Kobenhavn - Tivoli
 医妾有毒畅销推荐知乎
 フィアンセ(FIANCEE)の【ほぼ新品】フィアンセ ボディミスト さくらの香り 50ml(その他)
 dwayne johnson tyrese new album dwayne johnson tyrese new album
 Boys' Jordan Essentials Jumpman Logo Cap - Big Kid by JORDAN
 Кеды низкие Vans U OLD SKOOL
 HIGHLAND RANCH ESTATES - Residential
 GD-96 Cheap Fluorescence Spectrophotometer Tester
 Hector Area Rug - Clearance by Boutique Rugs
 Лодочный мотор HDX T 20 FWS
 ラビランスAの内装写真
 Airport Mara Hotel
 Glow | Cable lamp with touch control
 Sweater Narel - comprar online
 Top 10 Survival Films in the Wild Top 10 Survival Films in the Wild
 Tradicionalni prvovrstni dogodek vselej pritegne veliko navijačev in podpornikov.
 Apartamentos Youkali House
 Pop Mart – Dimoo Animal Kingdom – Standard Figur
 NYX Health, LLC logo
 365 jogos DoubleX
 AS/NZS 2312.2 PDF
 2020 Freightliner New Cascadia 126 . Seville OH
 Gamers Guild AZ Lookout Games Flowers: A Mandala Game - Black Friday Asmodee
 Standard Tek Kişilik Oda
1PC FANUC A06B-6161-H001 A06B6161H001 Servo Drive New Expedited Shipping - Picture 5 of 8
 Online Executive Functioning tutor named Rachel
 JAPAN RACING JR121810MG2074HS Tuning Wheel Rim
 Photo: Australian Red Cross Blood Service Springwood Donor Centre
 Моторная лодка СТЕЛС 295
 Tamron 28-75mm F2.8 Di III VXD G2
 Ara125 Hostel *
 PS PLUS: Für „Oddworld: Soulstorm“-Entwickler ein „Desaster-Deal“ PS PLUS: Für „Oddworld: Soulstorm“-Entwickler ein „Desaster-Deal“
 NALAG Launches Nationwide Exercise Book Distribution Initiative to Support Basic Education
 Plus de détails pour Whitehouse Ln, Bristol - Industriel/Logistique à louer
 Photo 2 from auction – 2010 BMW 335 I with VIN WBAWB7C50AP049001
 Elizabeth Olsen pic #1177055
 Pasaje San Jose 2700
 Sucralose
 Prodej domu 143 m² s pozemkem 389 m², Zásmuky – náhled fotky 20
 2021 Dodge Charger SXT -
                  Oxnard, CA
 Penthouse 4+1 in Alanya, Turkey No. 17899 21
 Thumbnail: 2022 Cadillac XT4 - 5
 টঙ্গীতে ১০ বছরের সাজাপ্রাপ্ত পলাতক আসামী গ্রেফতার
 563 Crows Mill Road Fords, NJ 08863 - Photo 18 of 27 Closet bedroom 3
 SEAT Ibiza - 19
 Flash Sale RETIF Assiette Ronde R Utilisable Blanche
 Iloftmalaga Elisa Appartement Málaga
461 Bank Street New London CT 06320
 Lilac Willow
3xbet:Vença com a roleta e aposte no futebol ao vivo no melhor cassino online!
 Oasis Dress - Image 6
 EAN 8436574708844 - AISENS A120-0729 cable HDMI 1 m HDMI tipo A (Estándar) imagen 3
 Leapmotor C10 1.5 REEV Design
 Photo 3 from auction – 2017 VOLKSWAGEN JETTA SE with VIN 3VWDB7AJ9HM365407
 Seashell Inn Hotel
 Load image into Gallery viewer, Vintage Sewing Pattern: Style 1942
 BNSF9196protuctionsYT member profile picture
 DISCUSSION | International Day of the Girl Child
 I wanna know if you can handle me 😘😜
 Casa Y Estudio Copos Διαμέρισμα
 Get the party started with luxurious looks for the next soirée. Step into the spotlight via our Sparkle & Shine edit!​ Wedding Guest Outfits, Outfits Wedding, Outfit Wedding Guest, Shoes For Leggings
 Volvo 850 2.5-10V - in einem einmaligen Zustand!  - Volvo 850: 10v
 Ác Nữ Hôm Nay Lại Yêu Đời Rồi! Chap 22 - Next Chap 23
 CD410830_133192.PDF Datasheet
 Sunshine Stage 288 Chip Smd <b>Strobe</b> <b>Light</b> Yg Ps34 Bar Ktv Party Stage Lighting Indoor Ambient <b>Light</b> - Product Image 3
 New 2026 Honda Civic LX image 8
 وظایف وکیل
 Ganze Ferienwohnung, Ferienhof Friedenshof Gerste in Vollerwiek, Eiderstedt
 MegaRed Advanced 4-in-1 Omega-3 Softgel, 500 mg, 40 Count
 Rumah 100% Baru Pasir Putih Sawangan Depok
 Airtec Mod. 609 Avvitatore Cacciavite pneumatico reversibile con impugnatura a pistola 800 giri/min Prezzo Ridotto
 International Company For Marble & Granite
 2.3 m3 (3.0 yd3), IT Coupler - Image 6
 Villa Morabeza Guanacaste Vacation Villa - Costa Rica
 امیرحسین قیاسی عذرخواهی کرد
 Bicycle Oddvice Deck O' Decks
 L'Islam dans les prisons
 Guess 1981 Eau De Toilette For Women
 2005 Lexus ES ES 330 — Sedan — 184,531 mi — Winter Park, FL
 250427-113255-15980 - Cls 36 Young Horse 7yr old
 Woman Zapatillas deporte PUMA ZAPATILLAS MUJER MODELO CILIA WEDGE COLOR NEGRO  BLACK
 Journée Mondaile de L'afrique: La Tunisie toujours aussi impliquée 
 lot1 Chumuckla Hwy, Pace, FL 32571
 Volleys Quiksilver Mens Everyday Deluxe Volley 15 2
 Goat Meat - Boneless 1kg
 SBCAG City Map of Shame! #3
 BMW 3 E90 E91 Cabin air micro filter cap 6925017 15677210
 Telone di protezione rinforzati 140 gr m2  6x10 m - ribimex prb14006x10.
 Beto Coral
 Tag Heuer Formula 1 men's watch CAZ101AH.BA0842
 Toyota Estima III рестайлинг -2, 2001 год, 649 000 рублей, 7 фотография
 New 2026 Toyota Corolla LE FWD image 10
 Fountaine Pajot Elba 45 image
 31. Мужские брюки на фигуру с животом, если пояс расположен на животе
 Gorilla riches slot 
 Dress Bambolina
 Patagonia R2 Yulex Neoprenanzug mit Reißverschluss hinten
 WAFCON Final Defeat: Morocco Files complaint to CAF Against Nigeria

> _Aim of the task_: Search the material for the string "Standard" and show every line that has it.

> _Solved exercise_:
 Pop Mart – Dimoo Animal Kingdom – Standard Figur
 Standard Tek Kişilik Oda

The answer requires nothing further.